START THE DATA

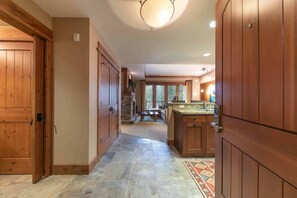 Interior - Catamount Lodge 305- 2 Bedroom Village (Truckee)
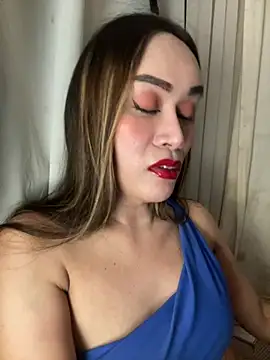 RomanticPearlTS online show from June 25, 2026, 2:00 am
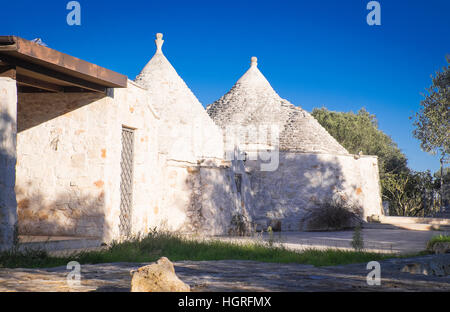 Maisons trulli dans l'aeria pulia dans le sud de l'italie Banque D'Images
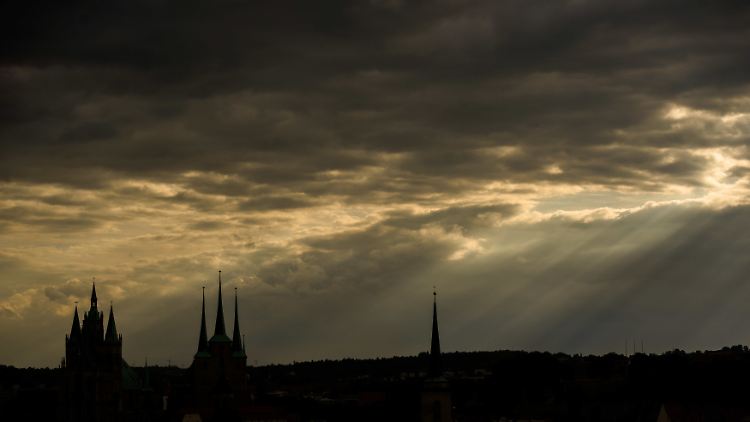 Dom und daneben die Severikirche: Das Bistum Erfurt gehört zu den kleineren in Deutschland.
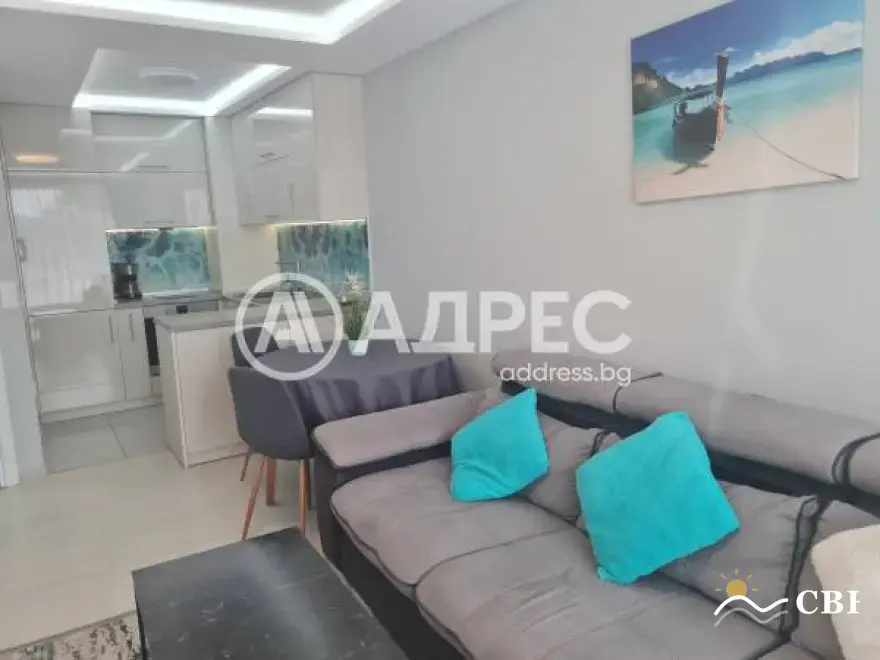 Apartment, 2-room, 72 m², in Varna. Photo 2 of 11. Varna, Black Sea, Bulgaria. Cheap Beach Holiday.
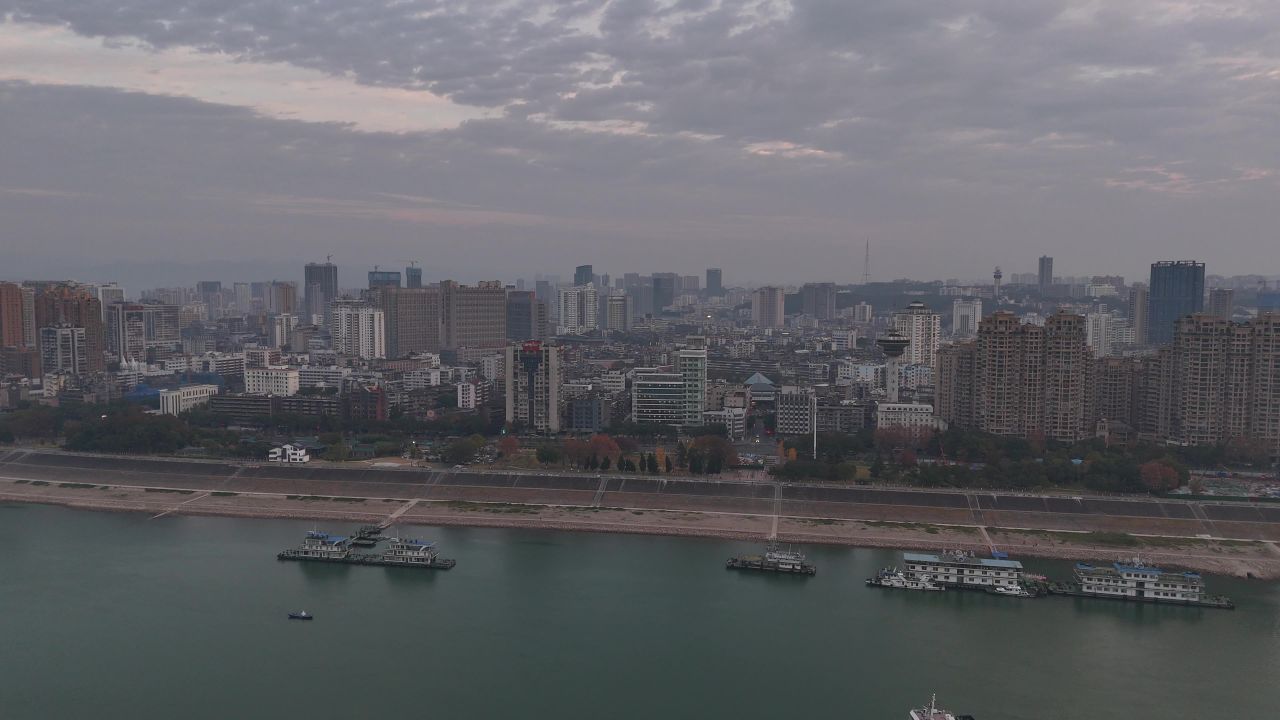 长江早晨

END THE DATA

Strip the images and return the remaining data exactly.

WRITTEN RESPONSE:
 Interior - Catamount Lodge 305- 2 Bedroom Village (Truckee)
 RomanticPearlTS online show from June 25, 2026, 2:00 am
 Maisons trulli dans l'aeria pulia dans le sud de l'italie Banque D'Images
 Dom und daneben die Severikirche: Das Bistum Erfurt gehört zu den kleineren in Deutschland.
 Apartment, 2-room, 72 m², in Varna. Photo 2 of 11. Varna, Black Sea, Bulgaria. Cheap Beach Holiday.
 长江早晨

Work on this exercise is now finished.